1. Plurality decisions, also called no-clear-majority decisions, are those in which a
majority of the Court agrees upon the judgment but not upon a single rationale to support
the result. Thus, there is no opinion of the Court in the ordinary sense. Plurality
decisions are to be distinguished from affirmances by an equally divided Court, when there
is no majority agreement even on the result, and from per curiam  opinions, in which a
majority of Justices expresses at least summary agreement on the reasoning. This Note
uses the term plurality opinion or the plurality to refer to the opinion designated as the
lead opinion of the Court, which is not always the opinion subscribed to by the largest
number of Justices. Other opinions that join the judgment are designated as concurrences,
even if they receive more votes than the lead opinion.
2. The Supreme Court issued 45 plurality opinions from the early 1800's, when Chief
Justice Marshall discarded the practice of issuing individual opinions seriatim and began
issuing opinions of the Court, to 1956. For an exhaustive survey of the plurality decisions
issued during that period and their treatment by lower courts, see Comment, Supreme Court
No-Clear-Majority Decisions: A Study in Stare Decisis, 24 U. Chi. L. Rev. 99 (1956)
[hereinafter cited as Chicago Comment]. Since the 1955 Term the Court has issued 101
plurality decisions.
3. Plurality decisions can be typed according to the exact alignment of the Justices
and the relationships between the lines of reasoning employed. Each type of opinion poses
distinct problems of interpretation. See generally Chicago Comment, supra note 2, suggesting
that there is a pattern to the treatment courts have given to different types of opinions.

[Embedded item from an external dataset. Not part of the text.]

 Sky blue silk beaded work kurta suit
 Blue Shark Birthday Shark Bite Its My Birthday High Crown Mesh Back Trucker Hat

4. See Marks v. United States, 430 U.S. 188 (1977); Gregg v. Georgia, 428 U.S. 153
(1976), discussed in notes 30-31 and accompanying text infra.

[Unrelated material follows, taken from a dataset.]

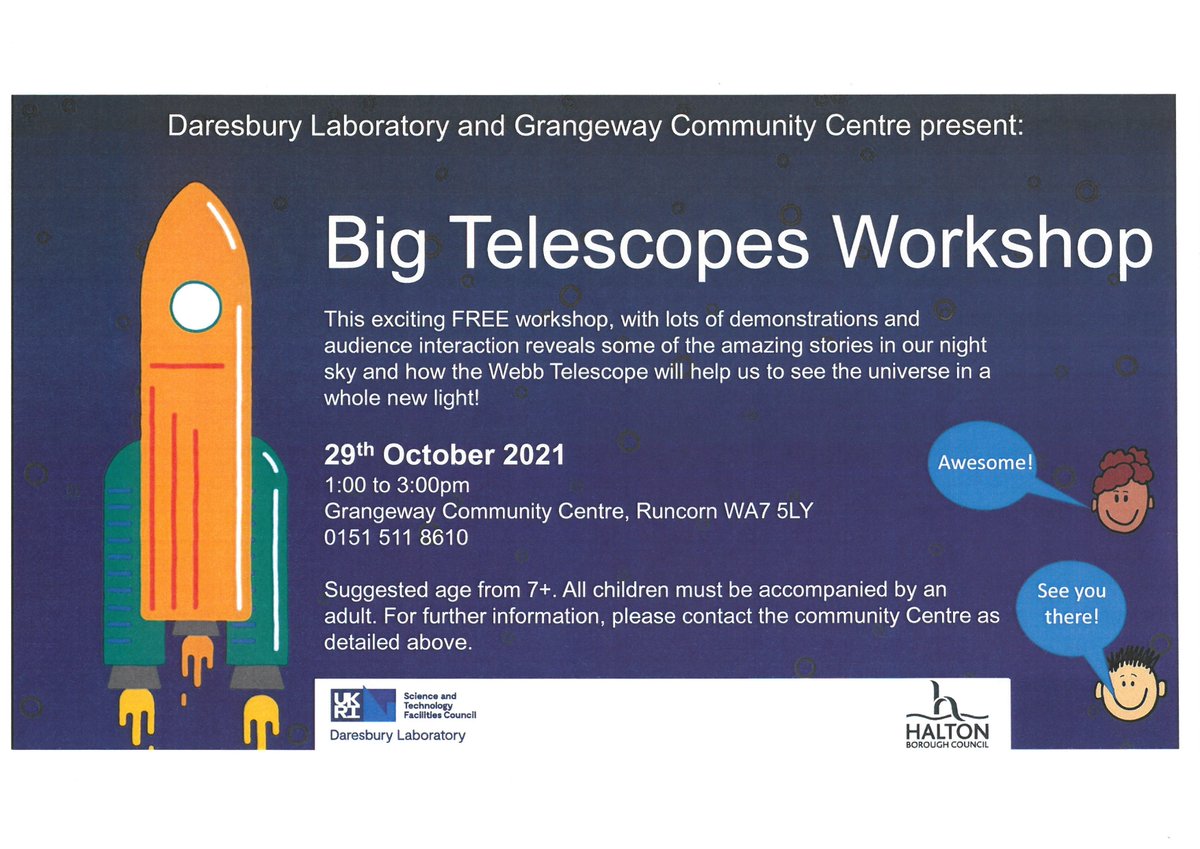 chadscareers: RT <a href="/HaltonBC/">Halton Council</a>: Daresbury Laboratory and Grangeway Community Centre present Big Telescope workshop. This exciting FREE workshop has lots of demonstrations and audience interaction. 29 october  1pm - 3pm  
<a href="/DaresburyLab/">Daresbury Laboratory</a> #DaresburyLab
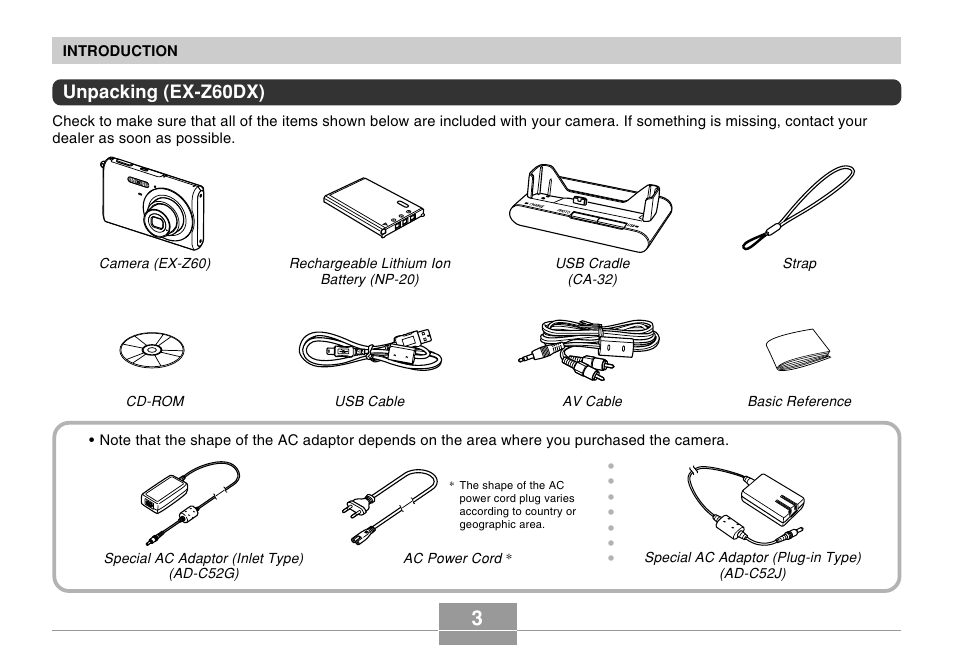 Unpacking (ex-z60dx) | Casio EX-Z60 User Manual | Page 3 / 256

5. Several commentators have discussed the problems posed by plurality opinions without
specifically considering how such opinions should be interpreted by the lower courts. See,
e.g., Davis & Reynolds, Juridical Cripples: Plurality Opinions in the Supreme Court, 1974
Duke L.J. 59 [hereinafter cited as Juridical Cripples] (examining reasons for increase in
plurality opinions, noting adverse effects of such decisions, and suggesting alternatives);
Comment, A Suggestion for the Prevention of No-Clear-Majority Judicial Decisions, 46
Tex. L. Rev. 370 (1968) [hereinafter cited as Texas Comment]; Note, Lower Court Disavowal
of Supreme Court Precedent, 60 Va. L. Rev. 494 (1974) [hereinafter cited as Lower Court
Disavowal]; Chicago Comment, supra note 2.